▶ [TASK DETAILS]: Restate word for word the lines of the material below, from the line with "1243, 2330 Fish" to the line with "伊顿最新采访视频,伊顿幼儿园成都", both lines included, and no others.

▶ [ENTRIES PROVIDED]:
——————

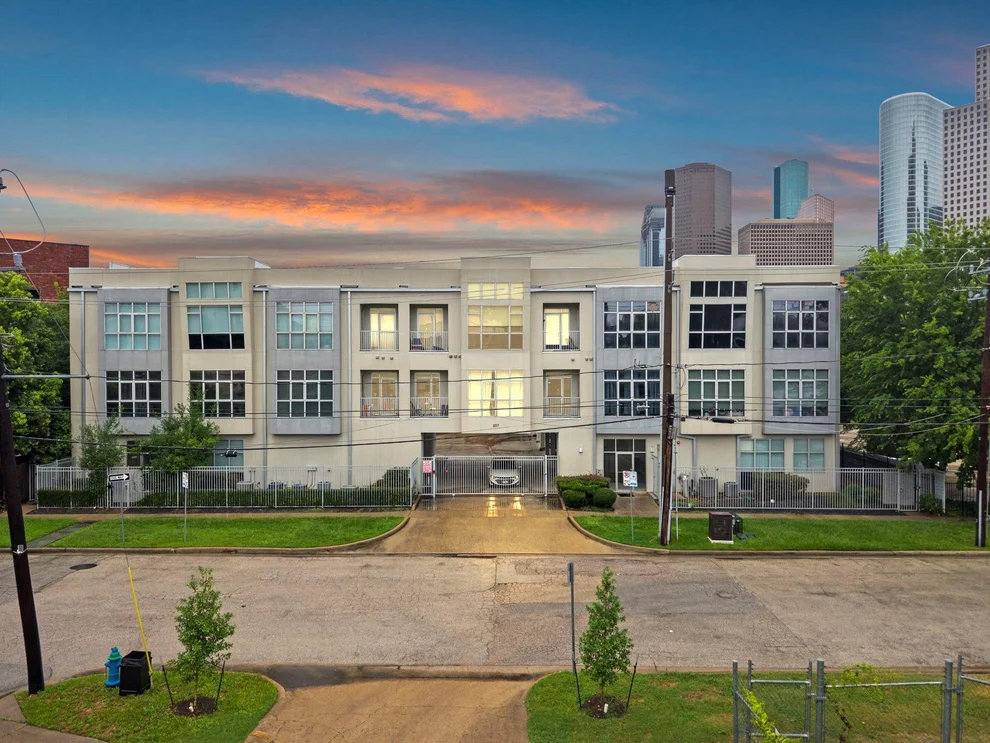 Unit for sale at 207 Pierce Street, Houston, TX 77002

——————

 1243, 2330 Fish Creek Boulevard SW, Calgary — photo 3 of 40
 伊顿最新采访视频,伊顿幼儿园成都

——————

▶ [WRITTEN RESPONSE]:
 1243, 2330 Fish Creek Boulevard SW, Calgary — photo 3 of 40
 伊顿最新采访视频,伊顿幼儿园成都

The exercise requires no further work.